PROVIDED ENTRIES START

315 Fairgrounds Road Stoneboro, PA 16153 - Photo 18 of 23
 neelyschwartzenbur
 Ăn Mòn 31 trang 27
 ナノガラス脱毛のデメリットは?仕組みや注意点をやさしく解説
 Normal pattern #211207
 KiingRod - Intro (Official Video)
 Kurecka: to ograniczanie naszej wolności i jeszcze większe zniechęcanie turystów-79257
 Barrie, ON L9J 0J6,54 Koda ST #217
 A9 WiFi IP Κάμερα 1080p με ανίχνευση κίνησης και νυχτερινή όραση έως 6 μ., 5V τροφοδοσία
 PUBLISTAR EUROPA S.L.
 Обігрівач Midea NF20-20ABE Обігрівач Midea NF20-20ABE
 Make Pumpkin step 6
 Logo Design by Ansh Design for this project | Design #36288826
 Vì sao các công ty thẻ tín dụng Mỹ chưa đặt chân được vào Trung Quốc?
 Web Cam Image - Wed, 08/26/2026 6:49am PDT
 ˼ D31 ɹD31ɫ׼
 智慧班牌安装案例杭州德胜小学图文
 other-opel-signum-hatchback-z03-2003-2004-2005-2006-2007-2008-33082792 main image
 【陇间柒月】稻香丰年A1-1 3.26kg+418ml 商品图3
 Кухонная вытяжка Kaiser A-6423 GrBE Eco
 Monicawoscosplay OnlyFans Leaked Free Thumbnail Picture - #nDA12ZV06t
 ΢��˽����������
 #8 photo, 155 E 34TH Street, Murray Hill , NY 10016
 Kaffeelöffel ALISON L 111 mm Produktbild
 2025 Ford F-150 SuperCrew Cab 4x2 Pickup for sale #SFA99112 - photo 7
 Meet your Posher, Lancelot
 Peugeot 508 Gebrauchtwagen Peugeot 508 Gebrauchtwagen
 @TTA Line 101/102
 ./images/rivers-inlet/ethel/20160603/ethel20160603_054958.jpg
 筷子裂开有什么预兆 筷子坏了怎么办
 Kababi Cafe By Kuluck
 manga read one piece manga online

PROVIDED ENTRIES END

### EXERCISE GOAL:
For the entries above, transcribe precisely the lines from the one with "Обігрівач Midea NF20-20ABE Обігрівач" through the end, including both.

### RESPONSE:
 Обігрівач Midea NF20-20ABE Обігрівач Midea NF20-20ABE
 Make Pumpkin step 6
 Logo Design by Ansh Design for this project | Design #36288826
 Vì sao các công ty thẻ tín dụng Mỹ chưa đặt chân được vào Trung Quốc?
 Web Cam Image - Wed, 08/26/2026 6:49am PDT
 ˼ D31 ɹD31ɫ׼
 智慧班牌安装案例杭州德胜小学图文
 other-opel-signum-hatchback-z03-2003-2004-2005-2006-2007-2008-33082792 main image
 【陇间柒月】稻香丰年A1-1 3.26kg+418ml 商品图3
 Кухонная вытяжка Kaiser A-6423 GrBE Eco
 Monicawoscosplay OnlyFans Leaked Free Thumbnail Picture - #nDA12ZV06t
 ΢��˽����������
 #8 photo, 155 E 34TH Street, Murray Hill , NY 10016
 Kaffeelöffel ALISON L 111 mm Produktbild
 2025 Ford F-150 SuperCrew Cab 4x2 Pickup for sale #SFA99112 - photo 7
 Meet your Posher, Lancelot
 Peugeot 508 Gebrauchtwagen Peugeot 508 Gebrauchtwagen
 @TTA Line 101/102
 ./images/rivers-inlet/ethel/20160603/ethel20160603_054958.jpg
 筷子裂开有什么预兆 筷子坏了怎么办
 Kababi Cafe By Kuluck
 manga read one piece manga online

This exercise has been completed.